## [WORK INSTRUCTION]
Although the records contain pictures, print none of them; print exactly the lines from the one with "オーガニックバージンココナッツオイル By 粉パンダ" through the last line.

──────── LISTED ENTRIES

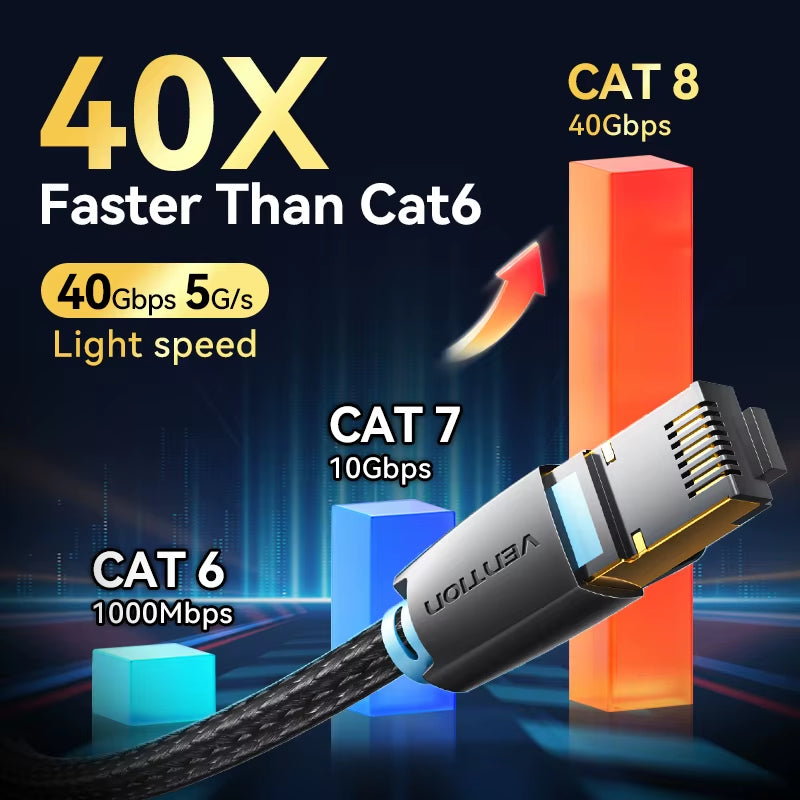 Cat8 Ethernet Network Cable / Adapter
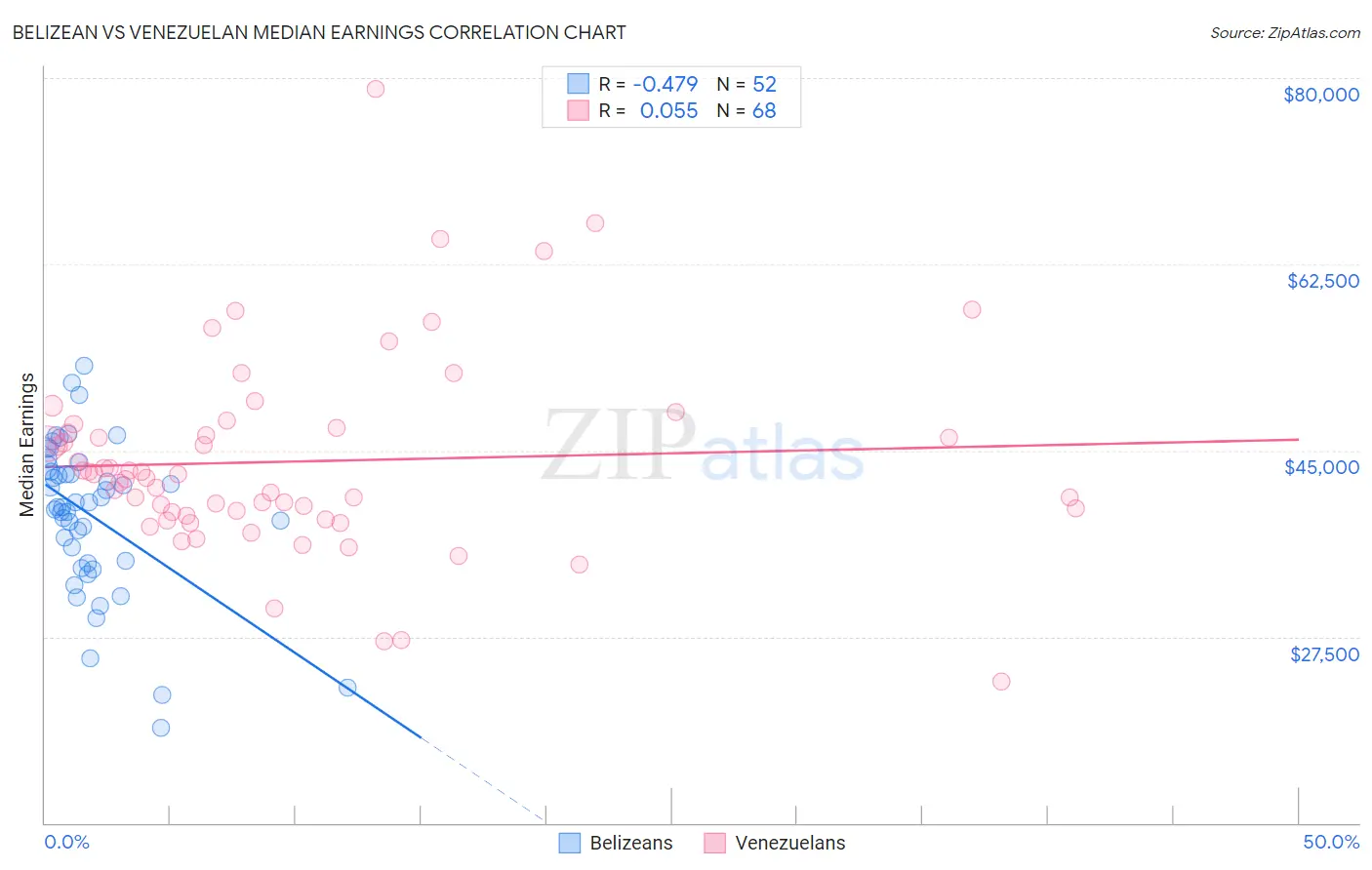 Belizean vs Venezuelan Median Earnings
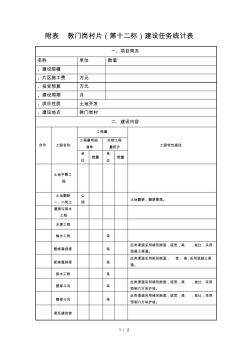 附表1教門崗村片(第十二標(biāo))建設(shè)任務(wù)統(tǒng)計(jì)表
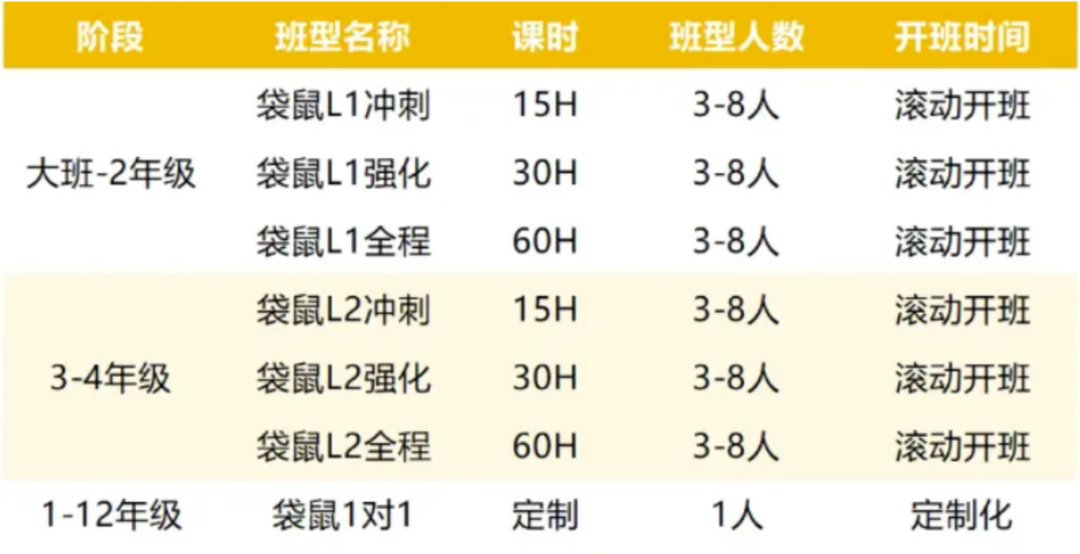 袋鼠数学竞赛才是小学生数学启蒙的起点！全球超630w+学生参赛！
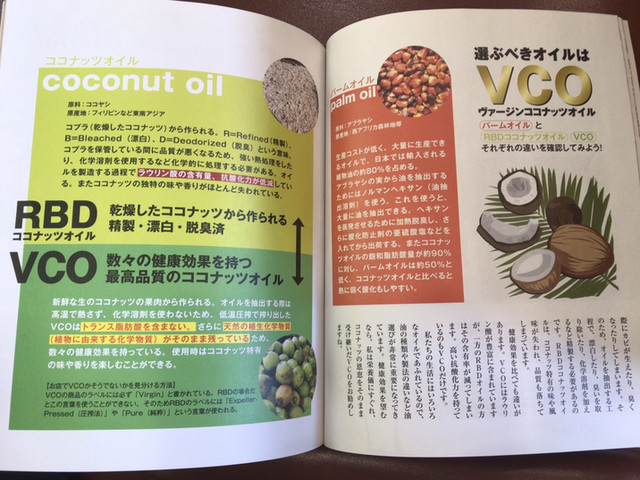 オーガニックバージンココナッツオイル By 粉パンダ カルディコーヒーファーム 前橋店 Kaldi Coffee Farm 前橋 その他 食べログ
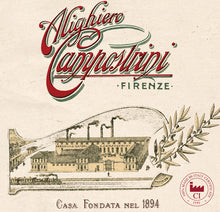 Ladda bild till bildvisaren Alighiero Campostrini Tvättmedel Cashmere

────────────────

## [ANSWER SPACE]
 オーガニックバージンココナッツオイル By 粉パンダ カルディコーヒーファーム 前橋店 Kaldi Coffee Farm 前橋 その他 食べログ
 Ladda bild till bildvisaren Alighiero Campostrini Tvättmedel Cashmere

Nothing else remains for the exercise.